SUPPLIED MATERIAL:
▼

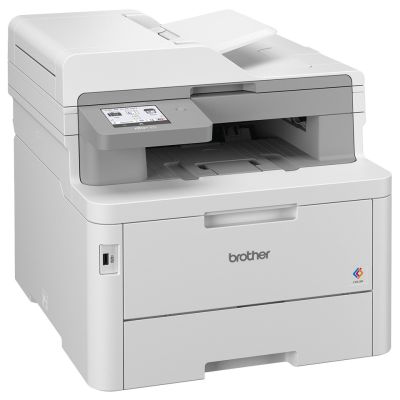 9. MFC-L8340CDW Laser 30PPM/512MB USB 600DPI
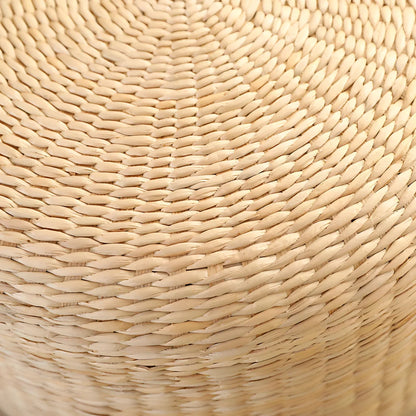 Ottoman Pouf Floor Pillow For Yoga And Home Comfort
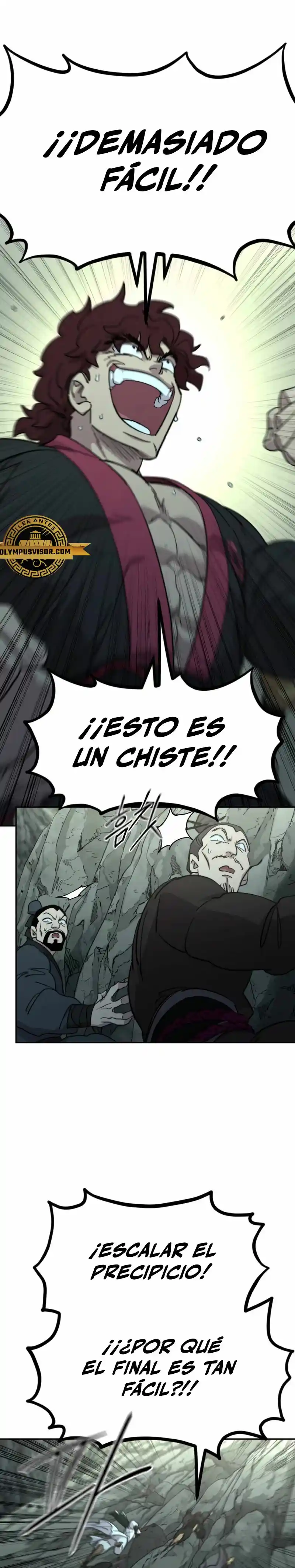 Regreso De La Secta Del Monte Hua - Capítulo 103 - Página 22 - LectorTMOo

▲

THE TASK:
Write out the listing above in full, word for word, with no pictures.

OUTPUT:
 9. MFC-L8340CDW Laser 30PPM/512MB USB 600DPI
 Ottoman Pouf Floor Pillow For Yoga And Home Comfort
 Regreso De La Secta Del Monte Hua - Capítulo 103 - Página 22 - LectorTMOo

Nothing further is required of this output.